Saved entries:

────────────────────────────────────────

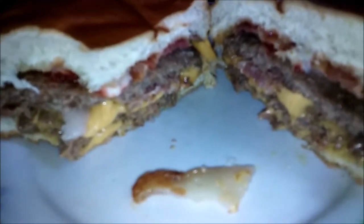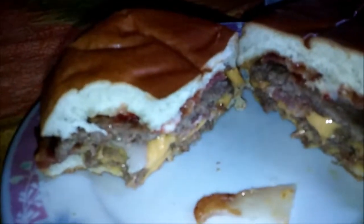I love the combination of flavors — that's what makes the Baconator so good. You're getting the beef, the bacon, the cheese, the ketchup, and the mayo, and the way it all mixes together is really good.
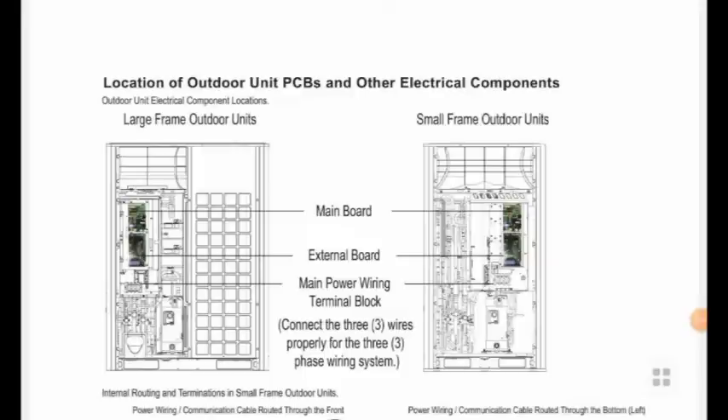Hi dear friends, myself Mr. Ramayam, HVAC coach from India. In this video we are going to discuss about the LG VRF system.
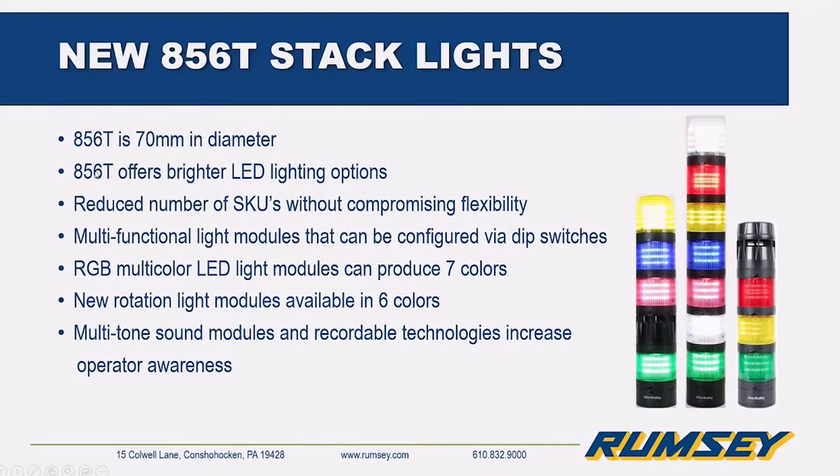The 856T is 70mm in diameter and offers brighter LED options with a reduced number of part numbers. Multi-functional light modules can be configured via dip switches. There's a red-green-blue multi-color LED module that can be configured for seven colors, rotation light modules that can rotate through six different colors, and multi-tone sound modules with recordable capabilities.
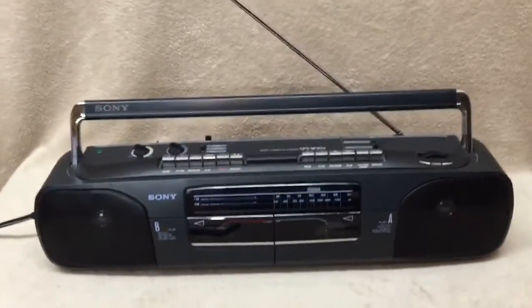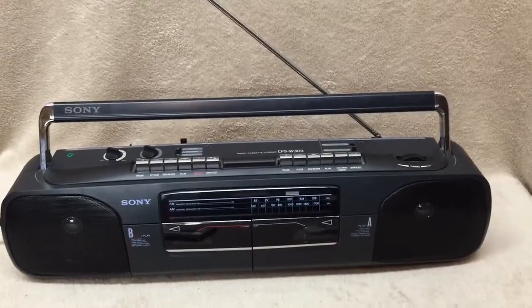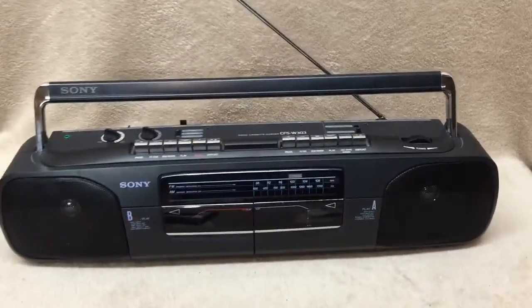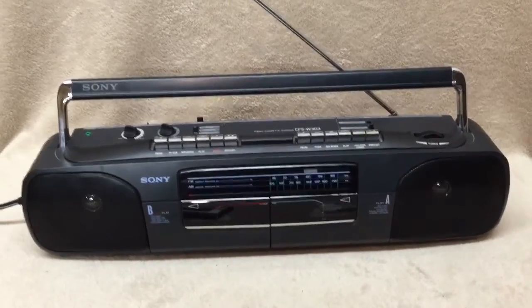This is a Sony CFS-W303. It's a radio and dual cassette recorder. You can make copies of tapes with this, or record right off the radio.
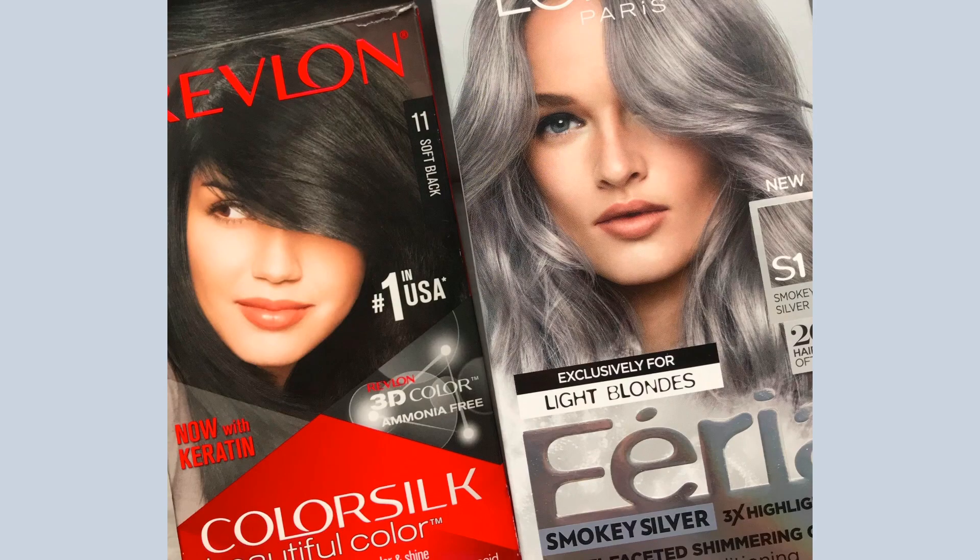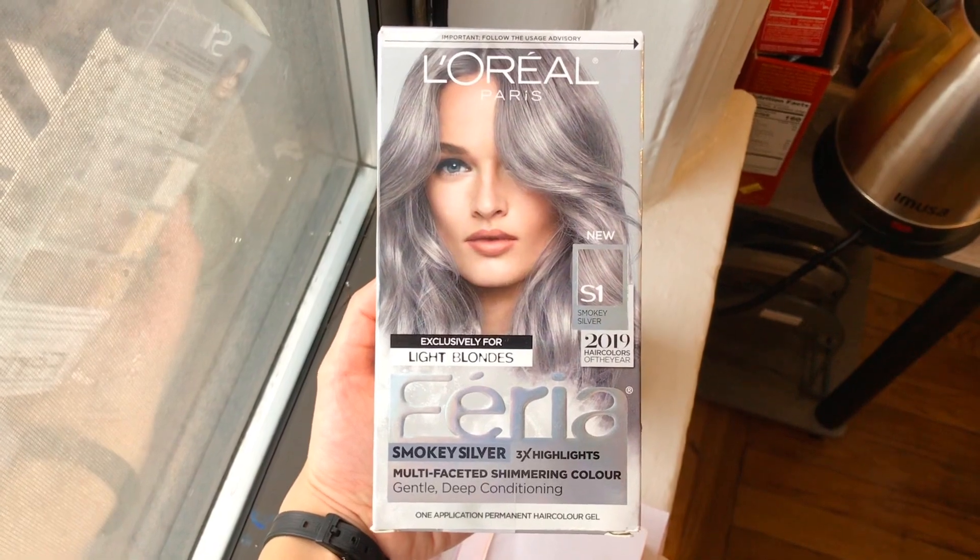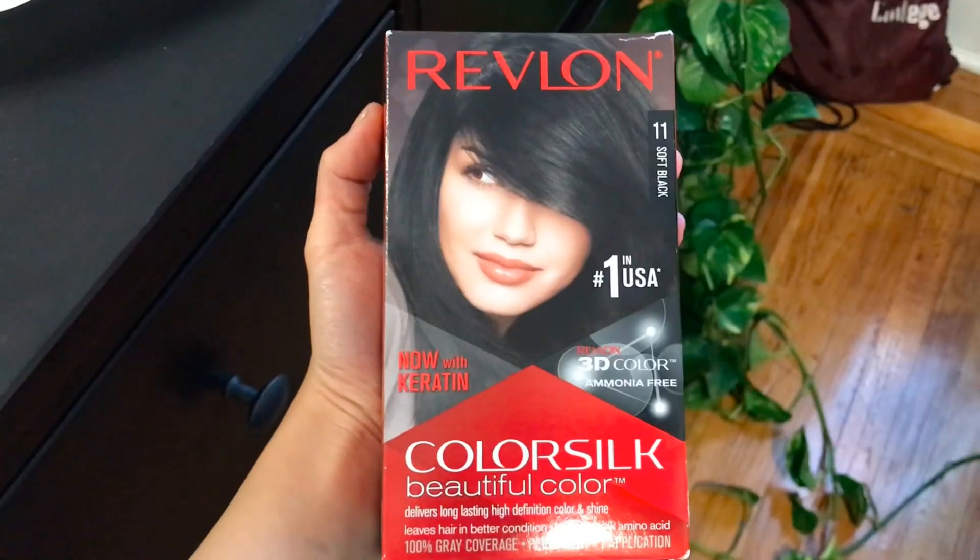The two products I used were L'Oreal's Fiera in smoky silver and Revlon's Color Silk in soft black. I had a balayage treatment before this — my hair is naturally dark brown with a dirty blonde balayage on the bottom. Because of that bleach treatment, I knew the smoky silver should pop out more.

────────────────────────────────────────

• _WORK TASK_
Once the line containing "The 856T is" is found, copy it and each line after it through the end of the entries above exactly; nothing else, and no pictures.

• _RESPONSE TO THE TASK_
The 856T is 70mm in diameter and offers brighter LED options with a reduced number of part numbers. Multi-functional light modules can be configured via dip switches. There's a red-green-blue multi-color LED module that can be configured for seven colors, rotation light modules that can rotate through six different colors, and multi-tone sound modules with recordable capabilities.
This is a Sony CFS-W303. It's a radio and dual cassette recorder. You can make copies of tapes with this, or record right off the radio.
The two products I used were L'Oreal's Fiera in smoky silver and Revlon's Color Silk in soft black. I had a balayage treatment before this — my hair is naturally dark brown with a dirty blonde balayage on the bottom. Because of that bleach treatment, I knew the smoky silver should pop out more.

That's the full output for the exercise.